Chapeau bas et balai-brosse haut!








On lit Sur le quai de Ouistreham, et on a envie de faire un texte mieux que bien pour conseiller sa lecture. Car elle s'en est donné du mal, Florence Aubenas, pour percer les silences et les tabous du monde de la précarité; Car elle sait frotter sa plume aux mots durs, aux visages épuisés et au brouillard du nord; Car elle nous touche et nous parle de juste à côté, et de si loin pourtant.




Florence Aubenas, célèbre journaliste, et ancienne otage en Irak, a donc tout quitté pour six mois. Elle a dit à son entourage professionnel qu'elle partait en congé sabbatique au Maroc, alors qu'elle se faisait passer pour une femme seule, sans diplôme, à la recherche d'un emploi dans la banlieue de Caen. De cette expérience elle a fait un récit du quotidien des exclus: les heures à Pôle Emploi, les entretiens d'embauche, la dureté des tâches de ménage à accomplir pour survivre, la fatigue, le cumul de petits boulots mal payés et souvent pour très peu de temps, et le pire: le ferry dont les toilettes à nettoyer sont présentés comme le summum de la brutalité contemporaine.




J'ai trouvé cette plongée dans le monde des chômeurs en quête d'heures de ménage bienvenue dans un monde où peu de gens savent vraiment ce qui se cache derrière les chiffres et les rapports administratifs. Je ressors de ma lecture pleine de questions: Est ce que Florence Aubenas a coupé avec ses proches pour connaitre l'isolement aussi? A-t-elle été bien accueillie quand elle a fait tomber le masque, en Robin des bois des temps moderne? Ou les gens se sont-il sentis trahis? Que retient-elle de ces six mois aujourd'hui? Pense-t-elle que cette forme de journalisme va avoir un impact social ou politique?




Il paraît que l'ouvrage devient difficile à trouver, rupture de stock en librairie... Serait-ce un signe prometteur d'une prise de conscience? Affaire à suivre donc...




J'entends aussi les critiques: "c'est facile de jouer au précaire quand on sait qu'on retrouve sa place au chaud après... " Oui, mais non! Je vous promets qu'à lire les douleurs physiques, le manque de soleil, et la détresse psychologique qu'a pu ressentir Florence Aubenas, on admire juste son courage.




Je conseille ce livre à ceux qui veulent savoir comment on vit avec 700 euros par mois, mais surtout comment on vit quand on devient transparent aux autres, et traîté comme une mois que rien...

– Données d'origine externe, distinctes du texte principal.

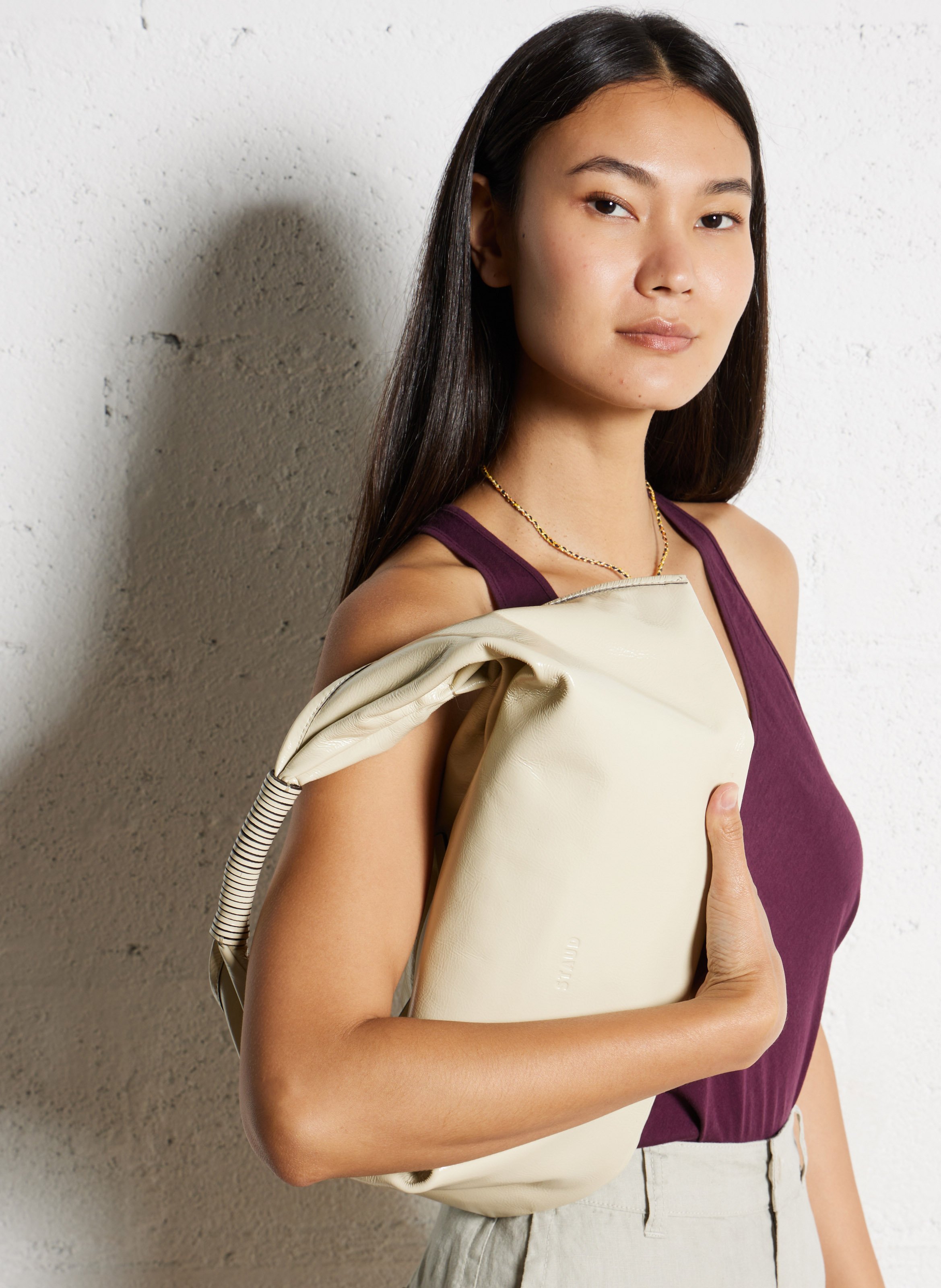 Leather clutch bag STAUD White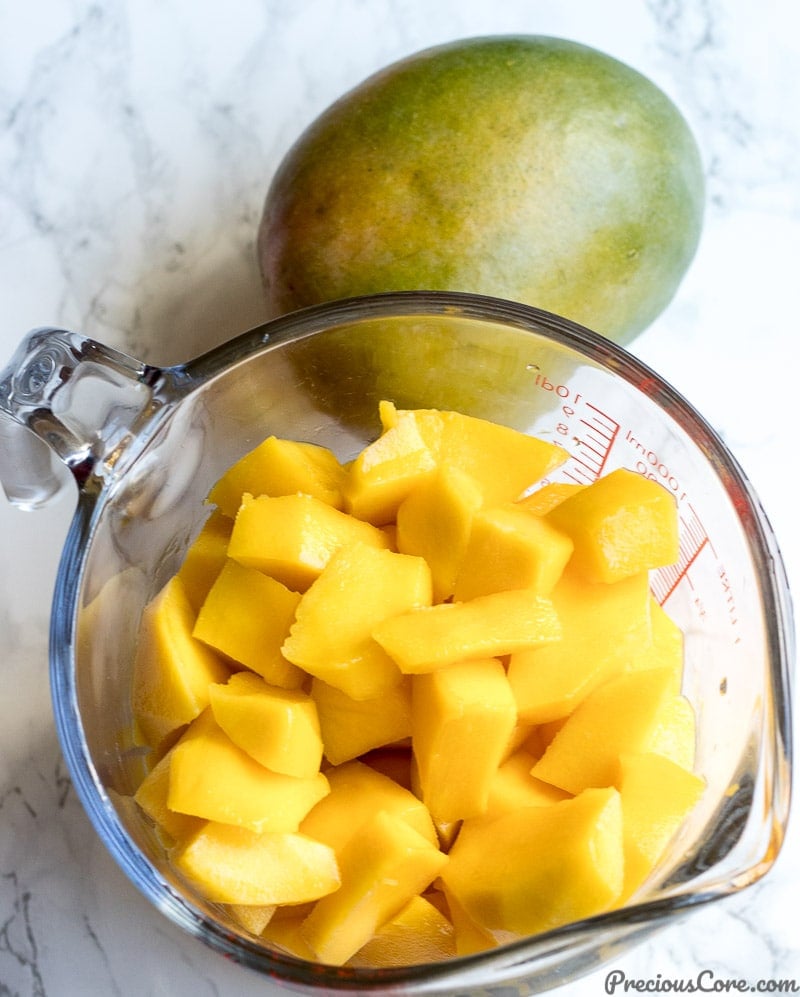 a cup of peeled mangoes for mango juice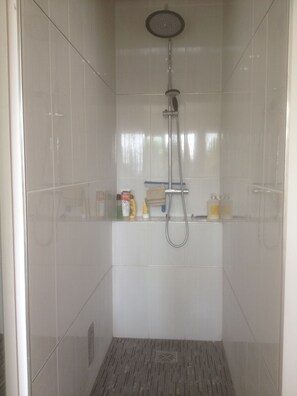 Enjoy a refreshing shower with a handheld showerhead and wall-mounted faucet in this shower stall.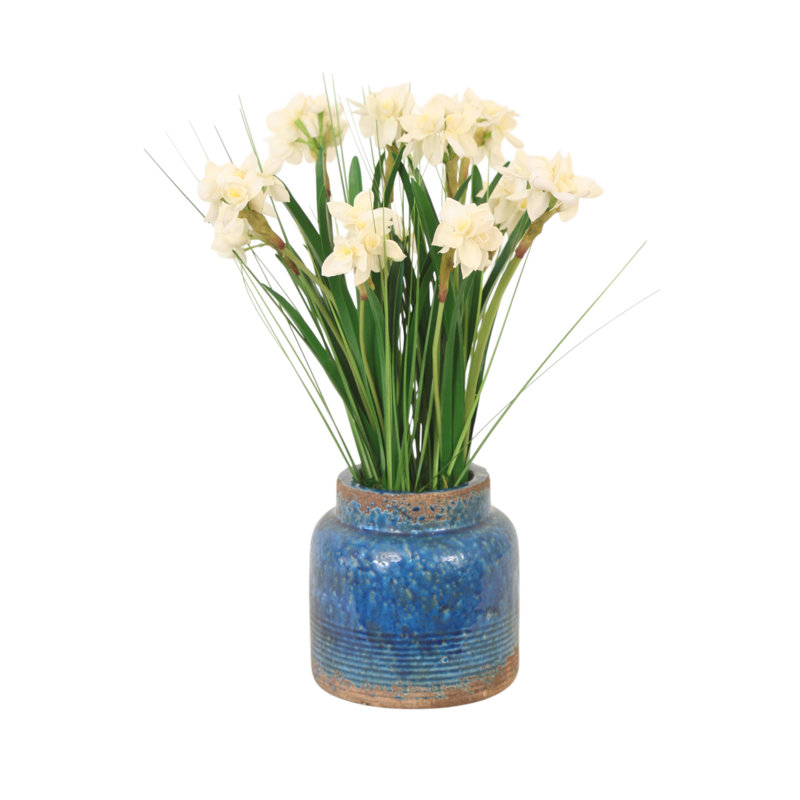 Pots de papier dans un pot bleu vieilli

Je recommande ce livre à ceux qui côtoient des milieux exclus du monde et de la société, pour leur donner envie de témoigner à leur tour ...










2 commentaires:

FICUS a dit…

Bravo pour cette critique, qui donne très envie de lire ce document. Je suis sûr que l'on en apprend un peu sur cette France de très en bas, que finalement nous cotoyons sans nous intéresser à son quotidien.
Que penses-tu, par contre, de la mini-polémique qui a accompagné cet ouvrage? Non pas une critique de la journaliste qui va passer six mois de sa vie comme ça et après revenir dans son milieu (elle fait son boulot, et plutôt bien mieux que la plupart des autres), mais le fait que si c'était une précaire qui avait écrit ce livre, personne ou presque n'en aurait parlé alors que là, comme c'est une journaliste, tous les magazines, journaux, etc... en font la pub. Je sais que c'est tant mieux, puisque au moins on en parle, on en débat, et que c'est un petit élément supplémentaire dans la vision du paysage social français de plus en plus délétère. Mais c'est agaçant cette puissance illégitime des journalistes, qui maîtrisent une bonne partie de l'espace public.
Tout ça c'était juste pour râler un peu. Mais je vais dès que possible me ruer sur ce livre!